Kritische Kollektivität Im Netz
Kritische Kollektivität im Netz
Carolin Wiedemann fragt im Vorwort zu Kritische Kollektivität im Netz:
Wie konstituiert sich Kollektivität jenseits von Identitätslogiken; wie kann Gemeinschaft konzipiert werden, die nicht nach innen homogenisiert und nach außen abschließt?
-- (Wiedemann 2016, S. 7)
Zu Anonymous gelangte Wiedemann im Anschluss an ihre Magisterarbeit - in der sie sich mit den sich in Facebook spiegelnden Machtmechanismen befasste, "die Foucault mit dem Konzept der Gouvernementalität erfasst hatte" (ebd., S. 7) - durch die Frage, "wie denn Widerstand unter den Bedingungen jener Gouvernementalität möglich sei und wie er überhaupt mit den Konzepten Michel Foucaults und den Theorien in seiner Folge zu konzipieren wäre." (ebd., S. 13)

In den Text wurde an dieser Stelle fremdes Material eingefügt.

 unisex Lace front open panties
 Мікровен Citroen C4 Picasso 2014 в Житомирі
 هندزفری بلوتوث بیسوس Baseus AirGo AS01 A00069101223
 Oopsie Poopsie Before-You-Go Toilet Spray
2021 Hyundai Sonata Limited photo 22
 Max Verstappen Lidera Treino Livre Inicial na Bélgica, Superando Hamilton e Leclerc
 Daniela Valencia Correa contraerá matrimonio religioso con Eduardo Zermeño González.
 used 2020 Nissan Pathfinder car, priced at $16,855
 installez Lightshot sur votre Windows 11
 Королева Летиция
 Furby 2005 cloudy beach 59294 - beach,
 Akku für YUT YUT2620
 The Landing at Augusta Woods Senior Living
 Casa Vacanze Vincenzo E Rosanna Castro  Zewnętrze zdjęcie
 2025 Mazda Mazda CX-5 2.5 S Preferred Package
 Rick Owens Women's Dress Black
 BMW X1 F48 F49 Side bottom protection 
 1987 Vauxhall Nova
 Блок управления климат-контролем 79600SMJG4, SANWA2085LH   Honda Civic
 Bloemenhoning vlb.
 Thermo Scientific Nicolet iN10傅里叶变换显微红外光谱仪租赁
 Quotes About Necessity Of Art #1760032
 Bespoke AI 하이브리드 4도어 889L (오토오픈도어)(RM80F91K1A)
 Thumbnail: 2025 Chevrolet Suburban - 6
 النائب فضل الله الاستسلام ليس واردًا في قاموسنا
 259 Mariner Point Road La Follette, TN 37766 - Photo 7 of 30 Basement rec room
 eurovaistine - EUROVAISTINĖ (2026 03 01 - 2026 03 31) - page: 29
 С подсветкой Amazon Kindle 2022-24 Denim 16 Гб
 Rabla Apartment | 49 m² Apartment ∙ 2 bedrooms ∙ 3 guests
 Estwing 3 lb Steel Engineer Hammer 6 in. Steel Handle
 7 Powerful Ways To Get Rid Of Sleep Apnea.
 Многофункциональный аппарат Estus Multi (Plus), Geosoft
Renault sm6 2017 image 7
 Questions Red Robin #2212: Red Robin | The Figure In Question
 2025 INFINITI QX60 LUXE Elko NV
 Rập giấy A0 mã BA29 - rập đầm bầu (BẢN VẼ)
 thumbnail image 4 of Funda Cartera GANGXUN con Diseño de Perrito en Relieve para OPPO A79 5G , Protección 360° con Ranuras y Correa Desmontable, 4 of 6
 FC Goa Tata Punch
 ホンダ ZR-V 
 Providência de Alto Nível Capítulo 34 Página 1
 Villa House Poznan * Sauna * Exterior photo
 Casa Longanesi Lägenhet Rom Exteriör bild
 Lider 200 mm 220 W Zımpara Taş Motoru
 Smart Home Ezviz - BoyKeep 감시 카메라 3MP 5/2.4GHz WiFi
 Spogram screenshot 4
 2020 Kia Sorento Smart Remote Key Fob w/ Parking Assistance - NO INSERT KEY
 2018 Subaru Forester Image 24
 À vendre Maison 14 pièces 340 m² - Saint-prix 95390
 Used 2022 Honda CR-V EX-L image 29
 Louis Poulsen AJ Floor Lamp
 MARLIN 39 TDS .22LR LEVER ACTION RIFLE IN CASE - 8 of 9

Im Anschluss an die Lektüre von "jenen 90er-Jahre-Utopien US-amerikanischer Medienwissenschaftler_innen […], die sich den Cyberspace als Ort ohne Hierarchien vorstellten, der alle gleich und doch frei machen würde, in dem es keine Herrschaftsverhältnisse und keine Kontrolle gäbe" (ebd., S. 12) stellte Wiedemann fest:
Das Internet brachte keine befreite Parallelwelt hervor, sondern produzierte und reproduzierte bestimmte Machtverhältnisse, so dass heute jene Social Networking Sites am meisten Erfolg haben, auf denen User_innen sich zur Freude großer Konzerne und der NSA ‚authentisch‘ selbst vermessen.
-- (ebd., S. 13)
Eine Definition des Internets liefert Wiedemann später:
Ein verteiltes, horizontales Kommunikationsnetzwerk, dessen Knoten andauernd im Austausch stehen – leicht lässt sich in einem solchen Modell die Grundidee des Internets erkennen. Die Idee, Computer so miteinander zu vernetzen, dass sie ihre Zeit und Kapazität zwischen vielen User_innen aufteilen, um eine Echtzeit-Interaktion zu ermöglichen, formulierte bereits in den 50er Jahren unter anderen J.C.R. Licklider mit seinem Entwurf eines Time-Sharing-Systems (vgl. Grassmuck 2010: 10f.). 1962 begann Licklider für das Advanced Research Projects Agency (ARPA) des US-Verteidigungsministeriums zu forschen, wo er Leiter des Command and Control Research wurde, das er in Information Processing Techniques Office (IPTO) umbenannte. Auf der Basis der Erfahrungen mit Time-Sharing-Systemen erweiterte dieser ARPA-Forschungsbereich die Definition des Computers als Rechen- um die der Kommunikationsmaschine (ebd.). Der Computer wurde somit immer mehr als Medium begriffen (vgl. Friedewald 2000: 9).